● **WHAT IS BEING ASKED**
A word-for-word copy of the data is what's wanted; pictures stay out of it.

● **LISTED RECORDS**
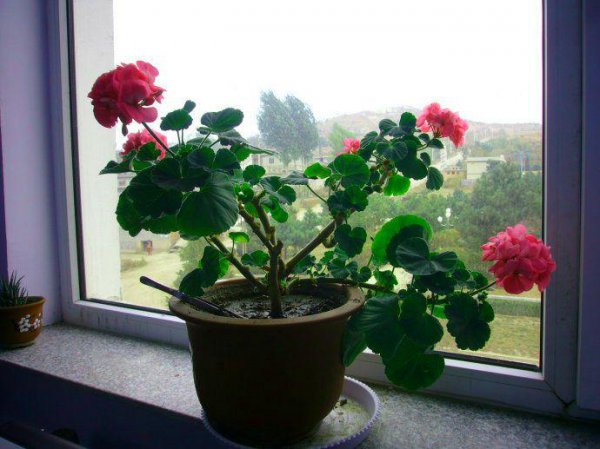 海棠花盆景怎么种植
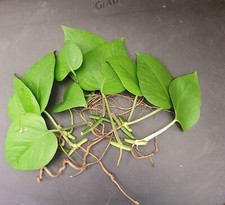 Jade pothos leaf for sale  Fort Lauderdale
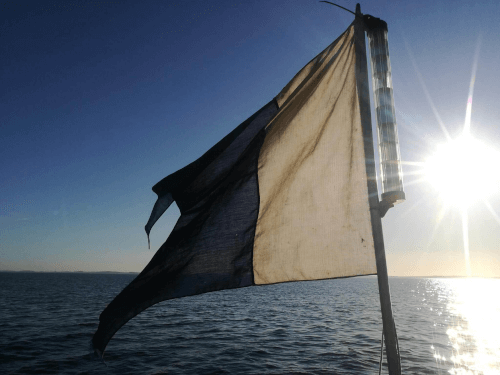 Dykkerflag - Flag Alfa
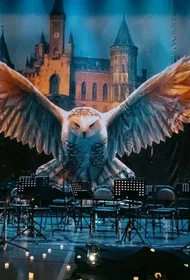 Harry Potter. Magic Music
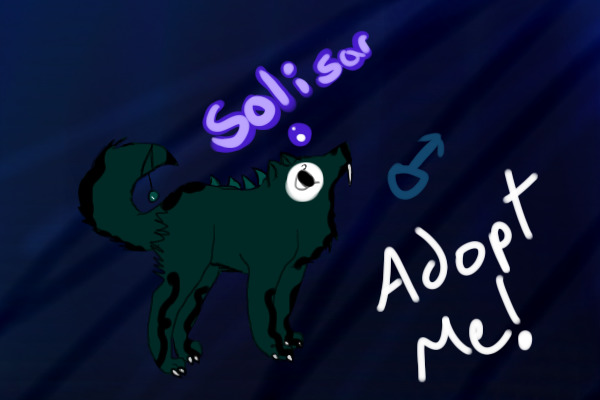 Solisar up for adopts!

● **SOLUTION BELOW**
 海棠花盆景怎么种植
 Jade pothos leaf for sale  Fort Lauderdale
 Dykkerflag - Flag Alfa
 Harry Potter. Magic Music
 Solisar up for adopts!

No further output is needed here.